MATERIALS PROVIDED:

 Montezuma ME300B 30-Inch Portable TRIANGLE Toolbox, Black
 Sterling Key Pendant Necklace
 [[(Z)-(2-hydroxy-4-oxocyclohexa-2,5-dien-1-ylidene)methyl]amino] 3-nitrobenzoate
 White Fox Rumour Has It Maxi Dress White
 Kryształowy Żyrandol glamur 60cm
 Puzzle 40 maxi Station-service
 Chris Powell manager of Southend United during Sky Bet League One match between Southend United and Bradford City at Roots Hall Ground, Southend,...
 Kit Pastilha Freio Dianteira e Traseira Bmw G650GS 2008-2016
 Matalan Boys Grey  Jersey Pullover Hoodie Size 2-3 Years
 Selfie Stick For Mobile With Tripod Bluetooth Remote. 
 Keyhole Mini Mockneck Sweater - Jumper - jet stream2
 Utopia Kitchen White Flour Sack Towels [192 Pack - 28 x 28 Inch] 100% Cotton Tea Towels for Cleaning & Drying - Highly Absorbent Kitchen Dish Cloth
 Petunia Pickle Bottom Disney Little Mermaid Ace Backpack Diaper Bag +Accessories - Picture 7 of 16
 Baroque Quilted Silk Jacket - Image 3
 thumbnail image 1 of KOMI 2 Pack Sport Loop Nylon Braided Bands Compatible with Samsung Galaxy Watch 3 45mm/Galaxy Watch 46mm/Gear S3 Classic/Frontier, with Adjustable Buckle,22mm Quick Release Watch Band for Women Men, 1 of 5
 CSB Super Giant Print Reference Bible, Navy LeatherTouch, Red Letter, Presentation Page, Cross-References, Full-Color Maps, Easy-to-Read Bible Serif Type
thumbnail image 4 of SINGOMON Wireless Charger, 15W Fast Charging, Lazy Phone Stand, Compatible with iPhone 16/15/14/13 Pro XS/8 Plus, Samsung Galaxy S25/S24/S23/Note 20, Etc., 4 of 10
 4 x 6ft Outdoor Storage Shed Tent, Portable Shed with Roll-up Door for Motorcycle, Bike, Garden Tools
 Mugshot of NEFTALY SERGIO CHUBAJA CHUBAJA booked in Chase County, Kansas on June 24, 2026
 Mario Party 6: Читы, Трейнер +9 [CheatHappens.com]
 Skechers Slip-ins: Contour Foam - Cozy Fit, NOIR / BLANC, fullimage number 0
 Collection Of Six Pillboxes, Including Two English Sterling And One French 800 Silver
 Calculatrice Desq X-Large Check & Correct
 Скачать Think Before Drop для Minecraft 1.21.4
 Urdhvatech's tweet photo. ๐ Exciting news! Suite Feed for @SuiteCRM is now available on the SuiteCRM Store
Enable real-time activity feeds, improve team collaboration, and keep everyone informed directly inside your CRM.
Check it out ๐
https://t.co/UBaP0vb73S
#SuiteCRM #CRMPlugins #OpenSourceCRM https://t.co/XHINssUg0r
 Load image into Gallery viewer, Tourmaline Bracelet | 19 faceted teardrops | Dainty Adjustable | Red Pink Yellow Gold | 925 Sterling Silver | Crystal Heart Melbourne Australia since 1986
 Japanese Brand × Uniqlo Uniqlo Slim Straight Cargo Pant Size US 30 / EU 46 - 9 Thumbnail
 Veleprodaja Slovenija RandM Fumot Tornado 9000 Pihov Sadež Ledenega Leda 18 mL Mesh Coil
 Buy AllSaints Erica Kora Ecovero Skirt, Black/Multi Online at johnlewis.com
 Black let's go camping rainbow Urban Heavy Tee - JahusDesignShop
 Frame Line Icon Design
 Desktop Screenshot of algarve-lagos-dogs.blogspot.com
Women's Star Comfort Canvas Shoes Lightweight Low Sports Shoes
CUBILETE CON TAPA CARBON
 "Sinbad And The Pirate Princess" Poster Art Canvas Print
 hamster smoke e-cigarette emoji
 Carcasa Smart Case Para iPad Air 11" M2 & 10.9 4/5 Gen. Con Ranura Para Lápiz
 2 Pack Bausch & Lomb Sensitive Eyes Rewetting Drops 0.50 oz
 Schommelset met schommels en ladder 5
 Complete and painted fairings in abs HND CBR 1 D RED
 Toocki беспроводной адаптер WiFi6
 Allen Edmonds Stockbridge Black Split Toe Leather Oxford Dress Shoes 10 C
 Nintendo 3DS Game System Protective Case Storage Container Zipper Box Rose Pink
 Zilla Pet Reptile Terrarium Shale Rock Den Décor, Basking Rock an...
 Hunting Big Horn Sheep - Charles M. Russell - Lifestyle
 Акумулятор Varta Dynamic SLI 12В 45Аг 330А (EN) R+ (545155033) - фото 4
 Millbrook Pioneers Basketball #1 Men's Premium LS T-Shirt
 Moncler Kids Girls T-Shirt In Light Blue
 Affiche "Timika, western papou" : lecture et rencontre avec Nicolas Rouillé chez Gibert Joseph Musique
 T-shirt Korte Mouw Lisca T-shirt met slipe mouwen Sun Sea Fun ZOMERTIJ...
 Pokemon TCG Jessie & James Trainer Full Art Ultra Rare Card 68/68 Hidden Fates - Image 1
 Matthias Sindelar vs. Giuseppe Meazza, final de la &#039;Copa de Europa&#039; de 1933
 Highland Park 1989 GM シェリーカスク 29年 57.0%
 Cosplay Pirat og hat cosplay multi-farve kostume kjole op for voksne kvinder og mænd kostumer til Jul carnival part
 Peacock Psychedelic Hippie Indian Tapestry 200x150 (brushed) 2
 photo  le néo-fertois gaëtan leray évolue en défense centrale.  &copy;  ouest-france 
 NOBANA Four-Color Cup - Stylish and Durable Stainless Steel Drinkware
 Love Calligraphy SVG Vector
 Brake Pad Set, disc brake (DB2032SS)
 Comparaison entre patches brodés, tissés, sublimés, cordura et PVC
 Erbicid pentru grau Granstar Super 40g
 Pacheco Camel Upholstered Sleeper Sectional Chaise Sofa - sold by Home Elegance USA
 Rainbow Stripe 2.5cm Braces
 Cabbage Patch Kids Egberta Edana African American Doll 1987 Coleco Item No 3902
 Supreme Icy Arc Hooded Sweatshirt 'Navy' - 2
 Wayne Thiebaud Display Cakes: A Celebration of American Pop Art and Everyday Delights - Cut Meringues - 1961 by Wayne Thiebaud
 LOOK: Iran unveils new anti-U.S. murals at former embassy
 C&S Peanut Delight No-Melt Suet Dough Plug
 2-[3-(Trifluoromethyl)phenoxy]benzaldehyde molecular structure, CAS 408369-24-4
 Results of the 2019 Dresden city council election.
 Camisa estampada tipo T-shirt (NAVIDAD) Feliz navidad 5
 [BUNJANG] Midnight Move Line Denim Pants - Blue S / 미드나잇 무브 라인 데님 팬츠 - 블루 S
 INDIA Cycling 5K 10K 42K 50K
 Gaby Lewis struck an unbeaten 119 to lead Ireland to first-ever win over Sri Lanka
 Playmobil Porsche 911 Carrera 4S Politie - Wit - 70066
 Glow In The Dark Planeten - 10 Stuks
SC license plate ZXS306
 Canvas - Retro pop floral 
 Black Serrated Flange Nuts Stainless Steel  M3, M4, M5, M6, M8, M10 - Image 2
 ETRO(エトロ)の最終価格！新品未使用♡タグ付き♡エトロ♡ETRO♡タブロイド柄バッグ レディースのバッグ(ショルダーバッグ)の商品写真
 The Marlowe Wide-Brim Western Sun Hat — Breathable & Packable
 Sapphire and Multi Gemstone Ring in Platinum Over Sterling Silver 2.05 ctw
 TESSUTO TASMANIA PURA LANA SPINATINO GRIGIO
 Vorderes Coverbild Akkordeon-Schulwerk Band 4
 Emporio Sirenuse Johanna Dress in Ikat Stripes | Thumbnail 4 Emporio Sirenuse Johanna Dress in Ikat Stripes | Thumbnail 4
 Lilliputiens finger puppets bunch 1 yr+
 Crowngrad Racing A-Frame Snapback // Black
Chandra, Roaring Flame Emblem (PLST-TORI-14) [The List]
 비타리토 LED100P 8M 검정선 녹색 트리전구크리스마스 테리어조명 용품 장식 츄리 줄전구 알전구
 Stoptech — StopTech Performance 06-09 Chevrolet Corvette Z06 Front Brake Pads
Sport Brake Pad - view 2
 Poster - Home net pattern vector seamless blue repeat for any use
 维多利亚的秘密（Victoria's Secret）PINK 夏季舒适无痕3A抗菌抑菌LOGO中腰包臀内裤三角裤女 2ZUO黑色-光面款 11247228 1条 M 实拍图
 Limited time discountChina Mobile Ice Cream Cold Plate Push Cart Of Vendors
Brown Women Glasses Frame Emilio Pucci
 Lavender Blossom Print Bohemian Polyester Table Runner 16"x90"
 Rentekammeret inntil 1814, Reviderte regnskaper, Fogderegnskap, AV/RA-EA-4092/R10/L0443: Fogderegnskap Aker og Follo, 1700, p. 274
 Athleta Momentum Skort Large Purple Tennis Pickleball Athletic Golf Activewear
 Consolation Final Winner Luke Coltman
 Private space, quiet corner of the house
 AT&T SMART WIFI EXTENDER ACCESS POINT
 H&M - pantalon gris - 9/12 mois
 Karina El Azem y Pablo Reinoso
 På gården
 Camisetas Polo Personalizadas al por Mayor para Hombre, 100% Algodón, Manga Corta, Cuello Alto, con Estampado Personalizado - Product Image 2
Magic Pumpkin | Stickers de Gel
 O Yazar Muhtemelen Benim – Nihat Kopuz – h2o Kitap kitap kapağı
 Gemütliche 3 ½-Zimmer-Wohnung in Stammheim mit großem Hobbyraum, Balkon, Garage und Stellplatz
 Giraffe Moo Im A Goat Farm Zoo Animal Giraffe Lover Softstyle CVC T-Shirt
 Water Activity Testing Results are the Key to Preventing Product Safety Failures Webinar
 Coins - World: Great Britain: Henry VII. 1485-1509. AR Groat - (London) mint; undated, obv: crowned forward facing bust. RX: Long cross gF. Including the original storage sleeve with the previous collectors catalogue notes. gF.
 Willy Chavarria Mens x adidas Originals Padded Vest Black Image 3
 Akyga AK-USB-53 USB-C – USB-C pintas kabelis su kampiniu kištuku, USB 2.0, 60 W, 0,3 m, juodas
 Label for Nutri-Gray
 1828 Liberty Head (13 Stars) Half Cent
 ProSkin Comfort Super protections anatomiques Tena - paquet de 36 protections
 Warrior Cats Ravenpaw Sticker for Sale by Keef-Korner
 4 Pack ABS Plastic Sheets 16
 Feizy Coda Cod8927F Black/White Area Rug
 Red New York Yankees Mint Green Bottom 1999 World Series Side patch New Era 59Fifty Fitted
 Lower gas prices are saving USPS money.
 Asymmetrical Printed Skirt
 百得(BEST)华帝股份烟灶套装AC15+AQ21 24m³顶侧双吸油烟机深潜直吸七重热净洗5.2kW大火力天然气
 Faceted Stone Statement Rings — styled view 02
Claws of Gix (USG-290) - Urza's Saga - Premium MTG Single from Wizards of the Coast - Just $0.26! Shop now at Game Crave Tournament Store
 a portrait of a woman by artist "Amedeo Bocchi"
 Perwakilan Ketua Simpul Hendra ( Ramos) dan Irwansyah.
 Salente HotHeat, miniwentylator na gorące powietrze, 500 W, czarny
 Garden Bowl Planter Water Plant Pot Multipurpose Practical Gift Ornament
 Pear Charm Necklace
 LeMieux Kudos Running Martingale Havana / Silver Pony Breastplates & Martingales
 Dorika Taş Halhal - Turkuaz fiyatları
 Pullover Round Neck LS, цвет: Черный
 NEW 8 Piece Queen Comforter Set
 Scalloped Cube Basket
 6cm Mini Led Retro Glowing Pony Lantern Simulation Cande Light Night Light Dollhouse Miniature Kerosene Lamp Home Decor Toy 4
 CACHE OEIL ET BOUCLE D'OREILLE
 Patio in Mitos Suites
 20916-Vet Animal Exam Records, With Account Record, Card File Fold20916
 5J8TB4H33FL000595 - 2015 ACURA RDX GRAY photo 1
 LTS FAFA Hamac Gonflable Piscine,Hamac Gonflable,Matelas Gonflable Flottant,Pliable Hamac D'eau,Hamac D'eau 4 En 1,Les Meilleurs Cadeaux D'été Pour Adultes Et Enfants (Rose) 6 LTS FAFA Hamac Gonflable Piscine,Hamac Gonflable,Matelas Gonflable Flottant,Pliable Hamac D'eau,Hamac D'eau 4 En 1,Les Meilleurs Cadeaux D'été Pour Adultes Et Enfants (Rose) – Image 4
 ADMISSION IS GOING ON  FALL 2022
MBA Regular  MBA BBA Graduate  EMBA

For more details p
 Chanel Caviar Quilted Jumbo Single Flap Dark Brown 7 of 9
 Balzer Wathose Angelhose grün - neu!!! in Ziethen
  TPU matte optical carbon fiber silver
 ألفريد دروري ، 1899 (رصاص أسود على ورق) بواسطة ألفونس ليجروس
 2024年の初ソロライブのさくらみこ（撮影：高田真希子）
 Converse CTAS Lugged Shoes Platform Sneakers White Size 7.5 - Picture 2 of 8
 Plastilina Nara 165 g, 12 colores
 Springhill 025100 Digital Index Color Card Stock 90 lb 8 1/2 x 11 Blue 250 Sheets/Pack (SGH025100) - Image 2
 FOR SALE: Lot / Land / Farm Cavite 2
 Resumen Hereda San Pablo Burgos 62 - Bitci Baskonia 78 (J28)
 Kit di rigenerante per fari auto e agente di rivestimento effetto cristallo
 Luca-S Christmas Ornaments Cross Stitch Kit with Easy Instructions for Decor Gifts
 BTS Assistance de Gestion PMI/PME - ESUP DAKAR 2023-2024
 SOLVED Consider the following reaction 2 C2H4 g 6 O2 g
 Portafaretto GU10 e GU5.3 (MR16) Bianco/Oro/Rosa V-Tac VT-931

ASSIGNMENT: Where the line holding "Consolation Final Winner Luke Coltman" appears in the listing above, start reproducing exactly, and end with the line holding "ProSkin Comfort Super".

EXPECTED ANSWER:
 Consolation Final Winner Luke Coltman
 Private space, quiet corner of the house
 AT&T SMART WIFI EXTENDER ACCESS POINT
 H&M - pantalon gris - 9/12 mois
 Karina El Azem y Pablo Reinoso
 På gården
 Camisetas Polo Personalizadas al por Mayor para Hombre, 100% Algodón, Manga Corta, Cuello Alto, con Estampado Personalizado - Product Image 2
Magic Pumpkin | Stickers de Gel
 O Yazar Muhtemelen Benim – Nihat Kopuz – h2o Kitap kitap kapağı
 Gemütliche 3 ½-Zimmer-Wohnung in Stammheim mit großem Hobbyraum, Balkon, Garage und Stellplatz
 Giraffe Moo Im A Goat Farm Zoo Animal Giraffe Lover Softstyle CVC T-Shirt
 Water Activity Testing Results are the Key to Preventing Product Safety Failures Webinar
 Coins - World: Great Britain: Henry VII. 1485-1509. AR Groat - (London) mint; undated, obv: crowned forward facing bust. RX: Long cross gF. Including the original storage sleeve with the previous collectors catalogue notes. gF.
 Willy Chavarria Mens x adidas Originals Padded Vest Black Image 3
 Akyga AK-USB-53 USB-C – USB-C pintas kabelis su kampiniu kištuku, USB 2.0, 60 W, 0,3 m, juodas
 Label for Nutri-Gray
 1828 Liberty Head (13 Stars) Half Cent
 ProSkin Comfort Super protections anatomiques Tena - paquet de 36 protections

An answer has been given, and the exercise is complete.